NATO Bantah Bunuh Warga Sipil, Penduduk Afghan Berikan Bukti

Pasukan NATO pada Rabu kemarin menolak tuduhan bahwa mereka telah membunuh empat warga sipil dalam sebuah serangan udara di wilayah selatan Afghanistan, mereka mengklaim yang mereka bunuh adalah para pejuang Taliban.

Penduduk setempat yang marah membawa ke empat jasad korban pembunuhan NATO tersebut ke ibukota provinsi Kandahar untuk memperlihatkan kepada pejabat provinsi Kandahar – dua minggu sebelum pemilu presiden Afghanistan berlangsung.

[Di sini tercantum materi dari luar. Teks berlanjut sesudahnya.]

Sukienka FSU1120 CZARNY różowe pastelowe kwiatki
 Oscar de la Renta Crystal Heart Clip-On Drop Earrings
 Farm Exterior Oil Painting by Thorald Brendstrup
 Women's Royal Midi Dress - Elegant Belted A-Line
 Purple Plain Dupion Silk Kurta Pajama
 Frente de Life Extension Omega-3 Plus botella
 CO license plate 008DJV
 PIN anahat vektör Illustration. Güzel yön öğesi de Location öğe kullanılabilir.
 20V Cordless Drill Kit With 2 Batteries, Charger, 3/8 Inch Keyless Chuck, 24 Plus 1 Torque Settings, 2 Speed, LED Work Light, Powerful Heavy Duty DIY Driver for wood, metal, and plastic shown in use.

Penduduk desa mengatakan bahwa empat orang yang tewas terbunuh oleh serangan udara pasukan NATO termasuk di dalamnya 3 orang anak laki-laki dan seorang pria dewasa dari satu keluarga dan mereka adalah penduduk sipil, mereka terbunuh oleh serangan udara NATO sewaktu mereka sedang tidur pada Selasa malam.

Seorang koresponden Reuters yang melihat jasad yang ada di Kandahar mengatakan bahwa dua dari mereka adalah anak remaja dan dua lagi tubuhnya hancur tidak dapat di identifikasi.

Penduduk Afghan semakin meningkat kemarahan mereka terhadap pasukan asing dibawah bendera NATO karena berulang kali serangan mereka lebih banyak mengena sasaran rakyat sipil, dan hal itu menjadi pemicu utama gesekan antara Kabul dan pasukan asing.

Seorang juru bicara pasukan NATO di Kabul menegaskan bahwa pasukan sekutu mereka telah melakukan serangan udara di distrik Arghandad Kandahar sepanjang malam. Namun ia tidak memberikan rincian jumlah orang tewas atau terluka dalam serangan tersebut.

"Mereka membunuh warga sipil dengan serangan udara sementara kami sedang tertidur pulas," kata Jan Muhammad seorang penduduk desa dan salah seorang dari warga yang membawa jasad korban serangan udara NATO ke Kandahar.

PBB mengatakan pada pekan lalu sekitar 1000 penduduk sipil telah terbunuh antara bulan Januari dan Juni tahun ini naik dari 818 dalam periode yang sama tahun lalu.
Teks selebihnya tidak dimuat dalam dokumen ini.